Ethan B. Russo, Jahan Marcu, in Advances in Pharmacology, 2017
2.8 Cannabidivarin
Cannabidivarin (CBDV) was probably first reported in a benzene extract from a Thai cannabis variety referred to as “Meao” (Shoyama, Hirano, Makino, Umekita, & Nishioka, 1977). Oral CBDV (60 mg/kg) administered to rats can cross the BBB (Deiana et al., 2012). CBDV is capable of activating and blocking, depending on experimental conditions, a diverse number of cation channels. At less than < 1 μM TRPA1, TRPM8, and TRPV4 are influenced by CBDV, while around 1–10 μM affects the activity of TRVP1, TRVP2, and TRVP3 cation channels. In addition to cationic influences, this propyl analogue of CBD engages the ECS by inhibiting endocannabinoid degradation at 10 μM through modulating the rate of diacylglycerol lipase activity and N-acylethanolamine-hydrolyzing acid amidase (NAAA), the effects of which could magnified with CBDV's ability to inhibit the cellular uptake of anandamide (Pertwee & Cascio, 2014). CBDV also possess the potential for the treatment of nausea and vomiting (Rock, Sticht, & Parker, 2014). There is strong evidence that CBDV has significant anticonvulsant properties, which may rival CBD's therapeutic potential in treating epilepsy, particularly seizures of partial onset (focal seizures) (Williams, Jones, & Whalley, 2014).

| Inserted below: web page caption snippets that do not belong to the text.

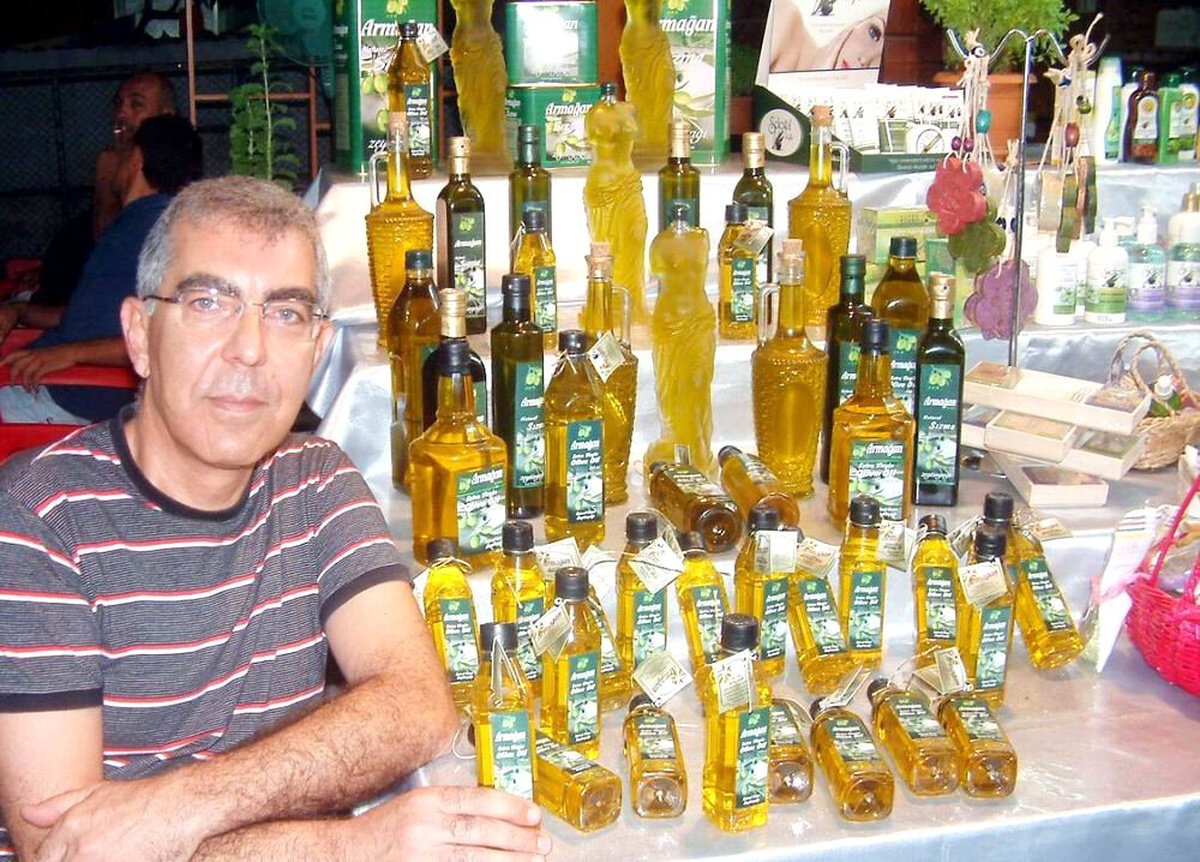 Burhaniye\'de Nazar Boncuklu Yağlar İlgi Gördü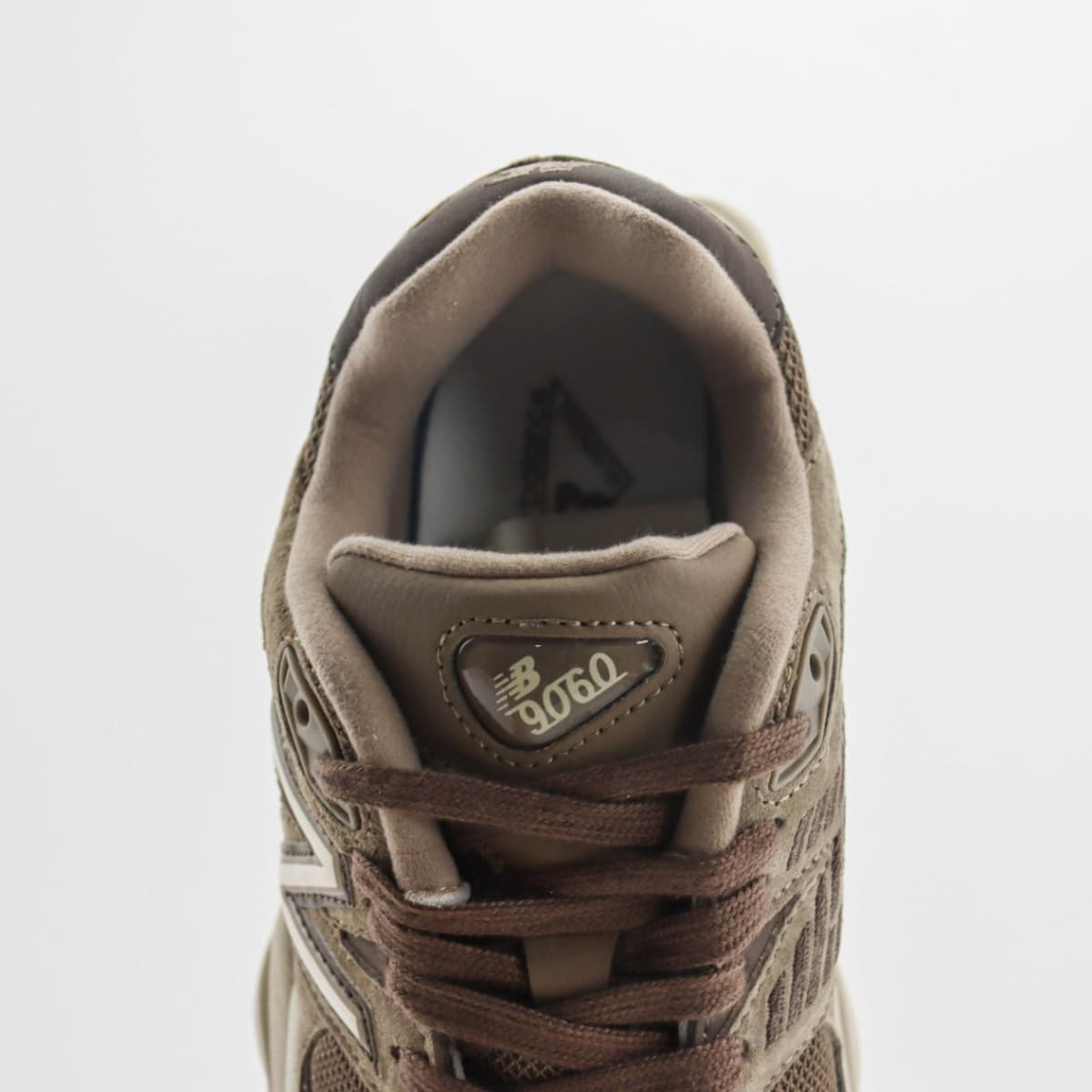 New Balance 9060 Mushroom Brown.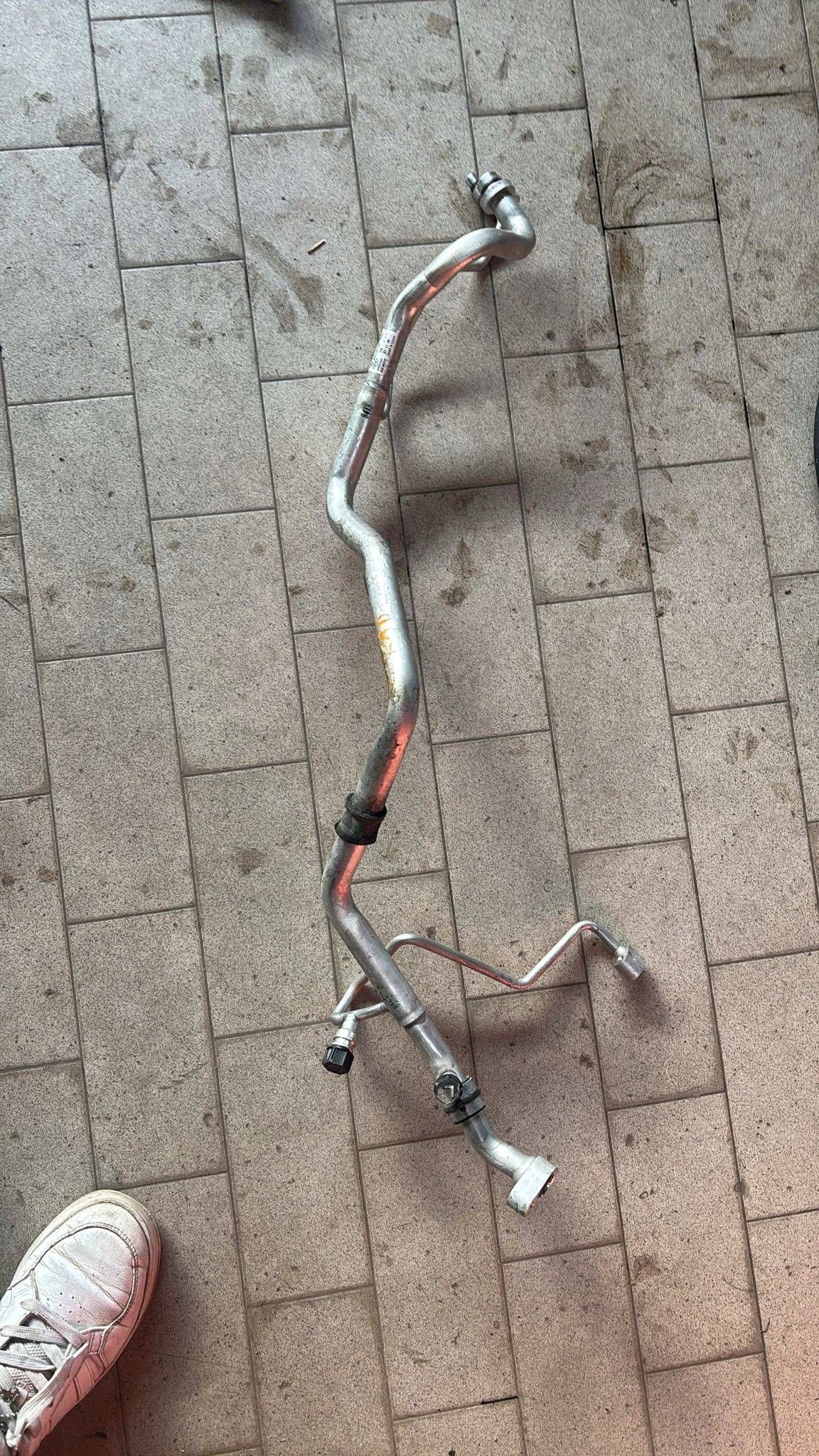 vedení klimatizaci Renault Kadjar 924402698R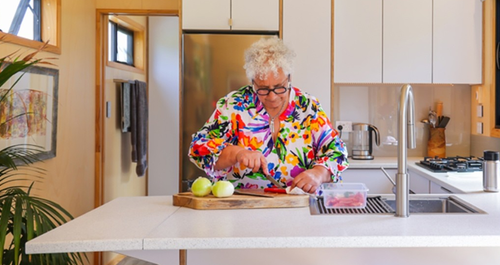 Όταν έχασε το διαμέρισμά της, η Steph ξεκίνησε από το μηδέν σε ένα μικροσκοπικό σπίτι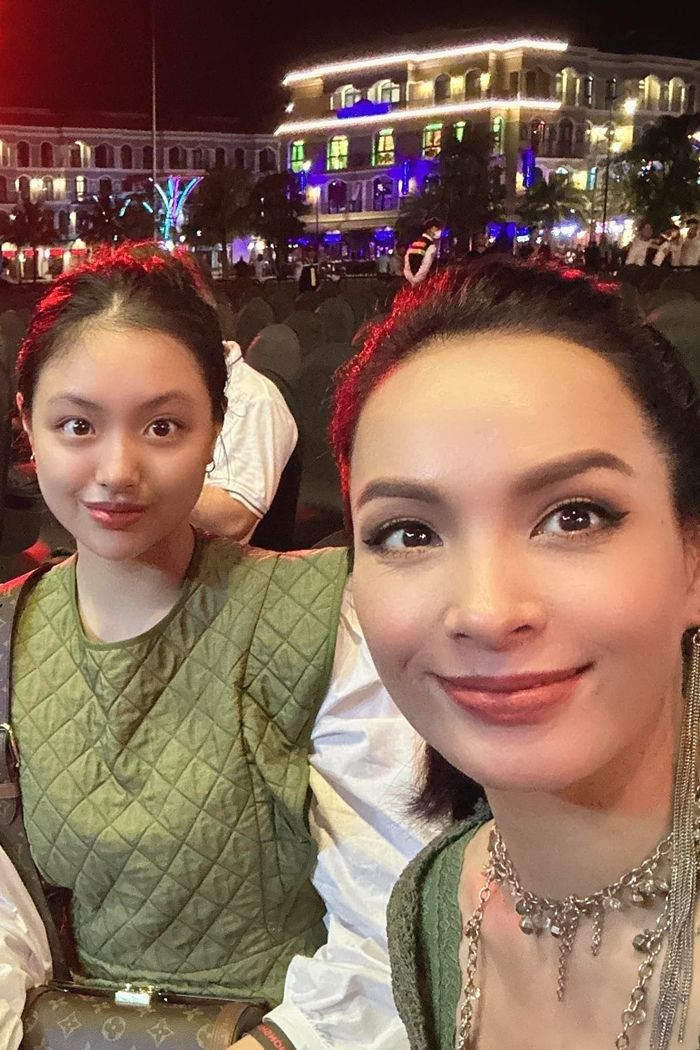 Ảnh hot sao Việt 3/12: Thùy Tiên gặp gỡ Billkin và Bella Ranee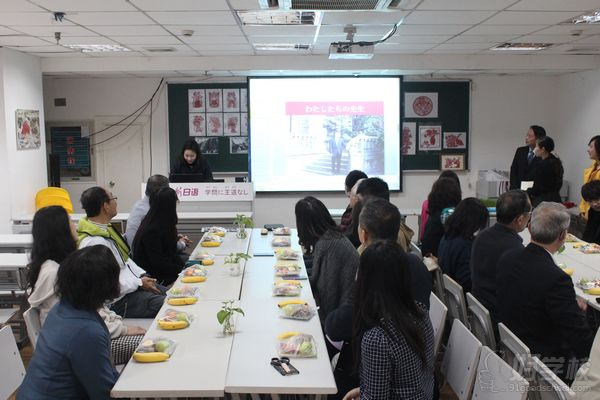 交流会开始前，大家一起观看昂立在校学生学习和生活的情况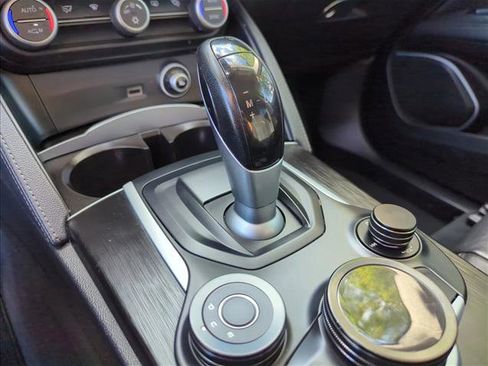 Used 2018 Alfa Romeo Stelvio AWD image 10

The golden age of cannabis pharmacology began in the 1960s as Raphael Mechoulam and his colleagues in Israel isolated and synthesized cannabidiol, tetrahydrocannabinol, and other phytocannabinoids. Initially, THC garnered most research interest with sporadic attention to cannabidiol, which has only rekindled in the last 15 years through a demonstration of its remarkably versatile pharmacology and synergy with THC. Gradually a cognizance of the potential of other phytocannabinoids has developed. Contemporaneous assessment of cannabis pharmacology must be even far more inclusive. Medical and recreational consumers alike have long believed in unique attributes of certain cannabis chemovars despite their similarity in cannabinoid profiles. This has focused additional research on the pharmacological contributions of mono- and sesquiterpenoids to the effects of cannabis flower preparations. Investigation reveals these aromatic compounds to contribute modulatory and therapeutic roles in the cannabis entourage far beyond expectations considering their modest concentrations in the plant. Synergistic relationships of the terpenoids to cannabinoids will be highlighted and include many complementary roles to boost therapeutic efficacy in treatment of pain, psychiatric disorders, cancer, and numerous other areas. Additional parts of the cannabis plant provide a wide and distinct variety of other compounds of pharmacological interest, including the triterpenoid friedelin from the roots, canniprene from the fan leaves, cannabisin from seed coats, and cannflavin A from seed sprouts. This chapter will explore the unique attributes of these agents and demonstrate how cannabis may yet fulfil its potential as Mechoulam's professed “pharmacological treasure trove.”